A few days later after the deal had been announced, one US headline read, “How Joe Biden and Hollywood wooed China,” but it was the other way around.

Two weeks ago, the number one film in China was an Indian production, while the number three film was a Sino-Australian co-production.
The latest “Star Wars” offering had just flopped, earning a mere $41 million in three weeks.  The poor box office performance wasn’t a response, it was a message, and once again, Hollywood has chosen not to listen.
Last week it was announced “Solo: A Star Wars  Film” would have a different name for Chinese audiences.  Disney execs were concerned the brand was sullied with the last film and the name association would work against potential revenue.  This summer, when the film opens in China, it’ll be known as “Ranger Solo.”
Last December, the New York Times published an opinion piece by Chinese filmmaker Zhang Yimou.
Zhang said, “Chinese audiences provide Hollywood with huge profits, but what does China’s film industry gain in return?” The answer is money. China makes more off of Hollywood films than any foreign country ever has, and does so with less overhead. 
Maybe Zhang was a little bitter after making “Great Wall” with Matt Damon, only to see it flop in the US? 

There’s no demand for Chinese or other foreign films in the US market. If there were, the Chinese-owned AMC theater chain, the largest film exhibition company in the world, would play Chinese films.  


When US audiences see the word “subtitled” next to a film, it’s treated like a warning label. The Chinese grew up watching tv and films with subtitles, so for them, it isn't an issue.
China's US film policy is centered on playing films that are, for the most part, box office guarantees.  “Warcraft” was an anomaly like no other film.  It was a winning lottery ticket for Hollywood, and another win-win that is often ignored.
Today, Biden doesn’t work at the White House, but Peter Navarro, director of the White House National Trade Council does.
Before Trump appointed Navarro to the new post tailored for him, he was a documentary filmmaker.  
His film “Death by China” was a streaming platform hit that became his White House calling card. 
After Jared Kushner watched the documentary, he suggested that his father-in-law hire Navarro to help run the presidential campaign. 
When Trump visited President Xi in Beijing last November, Navarro wasn’t invited.
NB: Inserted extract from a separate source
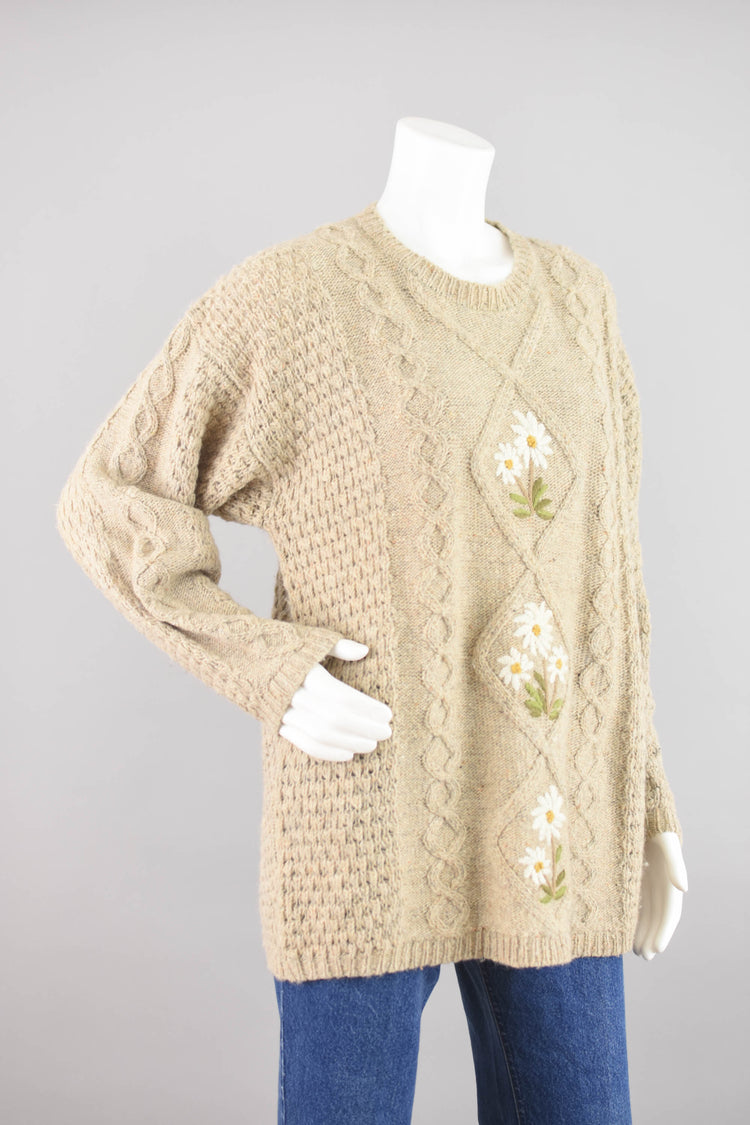 90s Oversized Wool Embroidered Floral Sweater, Women's Medium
Film contract renegotiations didn’t come up, or if they did, Trump wasn’t able to change anything.
The US has proven year after year that flooding the market with garbage just because you can, doesn’t work.
And to make matters worse, US cinema programming has made insularity a virtue.
In November, China announced it would screen the Russian film “Viking” on 10,000 screens.  The historical epic was one of the top international films of 2016, and the third most successful Russian film ever made. It has since played in over 80 countries.  
The film didn’t play in US theaters.
The last sentence of Zhang’s NYT opinion piece read, “Both sides must travel farther than they imagined in order to know each other better and explore the possibilities for a fantastic future.”
It was a comment that fell on deaf years.